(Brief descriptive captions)

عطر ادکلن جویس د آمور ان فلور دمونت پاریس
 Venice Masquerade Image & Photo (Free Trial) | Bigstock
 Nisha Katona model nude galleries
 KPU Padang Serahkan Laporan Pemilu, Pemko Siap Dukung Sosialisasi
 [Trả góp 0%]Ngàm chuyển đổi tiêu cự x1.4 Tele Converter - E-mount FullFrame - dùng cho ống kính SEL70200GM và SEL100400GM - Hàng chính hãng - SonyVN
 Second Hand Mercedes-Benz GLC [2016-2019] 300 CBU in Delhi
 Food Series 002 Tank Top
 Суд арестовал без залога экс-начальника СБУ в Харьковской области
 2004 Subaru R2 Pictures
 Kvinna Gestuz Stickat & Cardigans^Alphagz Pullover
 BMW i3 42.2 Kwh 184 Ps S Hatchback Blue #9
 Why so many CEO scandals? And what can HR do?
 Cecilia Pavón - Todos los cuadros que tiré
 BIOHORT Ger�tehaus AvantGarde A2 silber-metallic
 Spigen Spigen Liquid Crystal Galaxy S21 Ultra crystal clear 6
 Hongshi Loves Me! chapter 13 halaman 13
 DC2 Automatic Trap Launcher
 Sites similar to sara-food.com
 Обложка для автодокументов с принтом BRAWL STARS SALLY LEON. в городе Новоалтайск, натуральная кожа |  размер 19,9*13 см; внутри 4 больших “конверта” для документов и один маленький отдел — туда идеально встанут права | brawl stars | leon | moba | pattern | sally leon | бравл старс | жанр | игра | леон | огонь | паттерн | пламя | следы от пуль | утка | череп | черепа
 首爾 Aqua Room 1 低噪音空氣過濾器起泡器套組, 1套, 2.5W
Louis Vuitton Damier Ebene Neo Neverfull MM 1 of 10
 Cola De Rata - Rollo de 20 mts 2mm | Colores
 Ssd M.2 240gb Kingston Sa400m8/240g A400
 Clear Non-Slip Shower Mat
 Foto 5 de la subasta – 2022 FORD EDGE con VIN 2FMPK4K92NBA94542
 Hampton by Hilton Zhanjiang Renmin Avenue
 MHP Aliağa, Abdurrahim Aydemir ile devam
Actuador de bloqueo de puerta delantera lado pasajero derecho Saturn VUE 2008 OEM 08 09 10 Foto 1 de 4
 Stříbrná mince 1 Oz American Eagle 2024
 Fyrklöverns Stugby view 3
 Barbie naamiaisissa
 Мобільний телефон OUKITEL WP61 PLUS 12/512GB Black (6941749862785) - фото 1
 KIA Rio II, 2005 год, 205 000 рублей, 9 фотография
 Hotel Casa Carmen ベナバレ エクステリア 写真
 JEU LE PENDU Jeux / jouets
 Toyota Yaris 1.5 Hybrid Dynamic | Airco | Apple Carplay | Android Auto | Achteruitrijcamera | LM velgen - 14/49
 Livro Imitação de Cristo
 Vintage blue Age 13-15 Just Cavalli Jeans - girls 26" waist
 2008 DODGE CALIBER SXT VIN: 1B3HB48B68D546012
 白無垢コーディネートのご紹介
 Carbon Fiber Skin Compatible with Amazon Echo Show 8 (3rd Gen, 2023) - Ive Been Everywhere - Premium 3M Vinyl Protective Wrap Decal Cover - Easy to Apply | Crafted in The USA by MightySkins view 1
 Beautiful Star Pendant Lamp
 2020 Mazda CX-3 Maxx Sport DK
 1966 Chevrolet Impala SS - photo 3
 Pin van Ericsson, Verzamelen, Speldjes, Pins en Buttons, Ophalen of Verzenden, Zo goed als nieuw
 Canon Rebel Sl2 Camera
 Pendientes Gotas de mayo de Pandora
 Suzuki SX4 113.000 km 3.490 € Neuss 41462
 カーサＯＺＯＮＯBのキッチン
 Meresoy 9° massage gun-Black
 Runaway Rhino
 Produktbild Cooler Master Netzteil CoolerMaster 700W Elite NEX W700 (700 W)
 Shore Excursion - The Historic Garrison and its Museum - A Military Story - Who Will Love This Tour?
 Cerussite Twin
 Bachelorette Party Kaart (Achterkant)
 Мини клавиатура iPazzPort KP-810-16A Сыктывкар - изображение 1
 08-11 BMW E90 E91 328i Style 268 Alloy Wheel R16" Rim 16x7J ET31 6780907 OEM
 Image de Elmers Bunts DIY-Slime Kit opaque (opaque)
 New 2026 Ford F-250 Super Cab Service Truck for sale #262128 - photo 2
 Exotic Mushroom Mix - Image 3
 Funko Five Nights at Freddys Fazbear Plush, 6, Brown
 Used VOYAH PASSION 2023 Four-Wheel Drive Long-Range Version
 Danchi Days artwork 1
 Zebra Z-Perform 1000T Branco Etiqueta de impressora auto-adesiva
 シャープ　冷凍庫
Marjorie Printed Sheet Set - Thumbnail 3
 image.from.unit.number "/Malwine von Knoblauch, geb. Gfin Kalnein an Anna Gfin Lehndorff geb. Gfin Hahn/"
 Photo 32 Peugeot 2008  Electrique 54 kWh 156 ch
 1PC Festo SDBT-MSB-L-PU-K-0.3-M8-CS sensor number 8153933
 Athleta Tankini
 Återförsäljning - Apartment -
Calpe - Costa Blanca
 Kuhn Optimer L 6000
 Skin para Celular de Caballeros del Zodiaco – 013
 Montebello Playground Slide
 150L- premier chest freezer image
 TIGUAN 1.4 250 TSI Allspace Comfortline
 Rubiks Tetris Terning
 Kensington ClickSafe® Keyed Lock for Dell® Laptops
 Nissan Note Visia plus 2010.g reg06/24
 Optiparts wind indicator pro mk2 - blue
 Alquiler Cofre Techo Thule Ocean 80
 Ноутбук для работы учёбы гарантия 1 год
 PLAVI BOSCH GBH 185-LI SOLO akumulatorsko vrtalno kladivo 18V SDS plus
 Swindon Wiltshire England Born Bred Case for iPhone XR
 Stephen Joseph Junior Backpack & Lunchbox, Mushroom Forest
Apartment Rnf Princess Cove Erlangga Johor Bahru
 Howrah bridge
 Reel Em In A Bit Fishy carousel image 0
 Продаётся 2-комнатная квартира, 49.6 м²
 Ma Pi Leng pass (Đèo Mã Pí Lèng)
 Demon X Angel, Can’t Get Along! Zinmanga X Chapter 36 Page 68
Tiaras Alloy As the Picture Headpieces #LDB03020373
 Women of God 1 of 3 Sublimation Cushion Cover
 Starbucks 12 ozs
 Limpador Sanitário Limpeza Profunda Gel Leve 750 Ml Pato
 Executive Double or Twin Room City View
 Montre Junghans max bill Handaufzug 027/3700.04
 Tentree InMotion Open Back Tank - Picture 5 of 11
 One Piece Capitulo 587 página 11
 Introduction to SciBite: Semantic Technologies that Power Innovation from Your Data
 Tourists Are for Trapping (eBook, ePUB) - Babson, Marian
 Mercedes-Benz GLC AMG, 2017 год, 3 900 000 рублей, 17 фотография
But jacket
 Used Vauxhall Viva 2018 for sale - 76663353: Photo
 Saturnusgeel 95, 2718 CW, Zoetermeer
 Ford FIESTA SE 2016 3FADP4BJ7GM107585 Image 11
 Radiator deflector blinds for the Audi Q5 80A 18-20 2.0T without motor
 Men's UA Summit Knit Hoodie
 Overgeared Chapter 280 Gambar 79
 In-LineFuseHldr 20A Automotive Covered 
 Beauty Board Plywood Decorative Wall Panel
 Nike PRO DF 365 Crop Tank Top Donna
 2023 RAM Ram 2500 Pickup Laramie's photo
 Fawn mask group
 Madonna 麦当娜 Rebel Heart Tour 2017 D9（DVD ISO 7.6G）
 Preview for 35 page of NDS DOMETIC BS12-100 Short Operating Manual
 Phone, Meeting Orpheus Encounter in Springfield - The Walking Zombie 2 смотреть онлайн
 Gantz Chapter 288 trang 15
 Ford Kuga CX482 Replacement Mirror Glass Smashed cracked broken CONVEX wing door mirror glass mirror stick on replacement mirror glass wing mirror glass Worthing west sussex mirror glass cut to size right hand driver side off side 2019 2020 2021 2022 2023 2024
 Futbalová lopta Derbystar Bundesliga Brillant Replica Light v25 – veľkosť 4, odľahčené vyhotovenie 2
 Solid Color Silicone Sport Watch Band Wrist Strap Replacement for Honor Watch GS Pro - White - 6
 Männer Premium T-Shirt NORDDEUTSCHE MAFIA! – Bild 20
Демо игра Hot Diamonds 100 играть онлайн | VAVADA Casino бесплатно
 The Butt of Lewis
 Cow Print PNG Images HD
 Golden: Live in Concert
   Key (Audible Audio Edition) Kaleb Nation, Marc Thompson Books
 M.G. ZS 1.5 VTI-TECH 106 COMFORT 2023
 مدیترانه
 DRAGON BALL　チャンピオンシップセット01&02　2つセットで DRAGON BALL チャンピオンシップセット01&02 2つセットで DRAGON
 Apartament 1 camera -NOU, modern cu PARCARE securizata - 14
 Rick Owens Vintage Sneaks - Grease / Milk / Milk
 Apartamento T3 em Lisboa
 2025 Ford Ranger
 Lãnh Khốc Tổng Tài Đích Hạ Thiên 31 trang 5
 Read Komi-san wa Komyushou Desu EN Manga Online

• [WHAT IS REQUIRED]: Retype the records above from the very first line down to the line with "Livro Imitação de Cristo", keeping both of those lines. Include nothing beyond them.

• [COMPLETED EXERCISE]:
عطر ادکلن جویس د آمور ان فلور دمونت پاریس
 Venice Masquerade Image & Photo (Free Trial) | Bigstock
 Nisha Katona model nude galleries
 KPU Padang Serahkan Laporan Pemilu, Pemko Siap Dukung Sosialisasi
 [Trả góp 0%]Ngàm chuyển đổi tiêu cự x1.4 Tele Converter - E-mount FullFrame - dùng cho ống kính SEL70200GM và SEL100400GM - Hàng chính hãng - SonyVN
 Second Hand Mercedes-Benz GLC [2016-2019] 300 CBU in Delhi
 Food Series 002 Tank Top
 Суд арестовал без залога экс-начальника СБУ в Харьковской области
 2004 Subaru R2 Pictures
 Kvinna Gestuz Stickat & Cardigans^Alphagz Pullover
 BMW i3 42.2 Kwh 184 Ps S Hatchback Blue #9
 Why so many CEO scandals? And what can HR do?
 Cecilia Pavón - Todos los cuadros que tiré
 BIOHORT Ger�tehaus AvantGarde A2 silber-metallic
 Spigen Spigen Liquid Crystal Galaxy S21 Ultra crystal clear 6
 Hongshi Loves Me! chapter 13 halaman 13
 DC2 Automatic Trap Launcher
 Sites similar to sara-food.com
 Обложка для автодокументов с принтом BRAWL STARS SALLY LEON. в городе Новоалтайск, натуральная кожа |  размер 19,9*13 см; внутри 4 больших “конверта” для документов и один маленький отдел — туда идеально встанут права | brawl stars | leon | moba | pattern | sally leon | бравл старс | жанр | игра | леон | огонь | паттерн | пламя | следы от пуль | утка | череп | черепа
 首爾 Aqua Room 1 低噪音空氣過濾器起泡器套組, 1套, 2.5W
Louis Vuitton Damier Ebene Neo Neverfull MM 1 of 10
 Cola De Rata - Rollo de 20 mts 2mm | Colores
 Ssd M.2 240gb Kingston Sa400m8/240g A400
 Clear Non-Slip Shower Mat
 Foto 5 de la subasta – 2022 FORD EDGE con VIN 2FMPK4K92NBA94542
 Hampton by Hilton Zhanjiang Renmin Avenue
 MHP Aliağa, Abdurrahim Aydemir ile devam
Actuador de bloqueo de puerta delantera lado pasajero derecho Saturn VUE 2008 OEM 08 09 10 Foto 1 de 4
 Stříbrná mince 1 Oz American Eagle 2024
 Fyrklöverns Stugby view 3
 Barbie naamiaisissa
 Мобільний телефон OUKITEL WP61 PLUS 12/512GB Black (6941749862785) - фото 1
 KIA Rio II, 2005 год, 205 000 рублей, 9 фотография
 Hotel Casa Carmen ベナバレ エクステリア 写真
 JEU LE PENDU Jeux / jouets
 Toyota Yaris 1.5 Hybrid Dynamic | Airco | Apple Carplay | Android Auto | Achteruitrijcamera | LM velgen - 14/49
 Livro Imitação de Cristo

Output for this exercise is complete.